Argthtjtr

$P(x) = 0$ is a polynomial equation having at least one integer root, where $P(x)$ is a polynomial of degree five and having integer coefficients. If $P(2) = 3$ and $P(10)= 11$, then prove that the equation $P(x) = 0$ has exactly one integer root.

I tried by assuming a fifth degree polynomial but got stuck after that.

The question was asked by my friend.

The assumption that $P$ has degree $5$ is irrelevant and unhelpful.

If $r$ is a root of $P$, we can write $P(x)=(x-r)Q(x)$ for some polynomial $Q$. If $r$ is an integer, then $Q$ will also have integer coefficients (polynomial division never requires dividing coefficients if you are dividing by a monic polynomial).
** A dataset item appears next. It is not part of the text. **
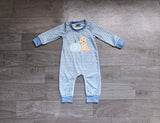 Preorder Samples Embroidery Fall Pumpkin Dog Blue Stripe Kids Boys Clothes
So, for any integer $a$, $P(a)=(a-r)Q(a)$ must be divisible by $a-r$. Taking $a=2$ and $a=10$, we see easily that the only possible value of $r$ is $-1$.

Moreover, we can say that $P$ only has one integer root even counting multiplicity, because if $-1$ were a root of higher multiplicity, we could write $P(x)=(x+1)^2R(x)$ where $R(x)$ again has integer coefficients, so $P(2)$ would need to be divisible by $(2+1)^2=9$.

If $u$ and $v$ are integer roots of $P$, then $P(x)=(x-u)(x-v)Q(x)$, where $Q$ is a polynomial with integer coefficients. From $P(2)=3$ we get $(u-2)(v-2)mid 3$, and then WLOG either $u-2=1$ or $u-2=-1$, implying $uin{1,3}$. Now $P(10)=11$ gives $(u-10)(v-10)mid 11$, showing that $u-10$ is a divisor of $11$. However, neither $1-10=-9$, not $3-10=-7$ is a divisor of $11$, a contradiction.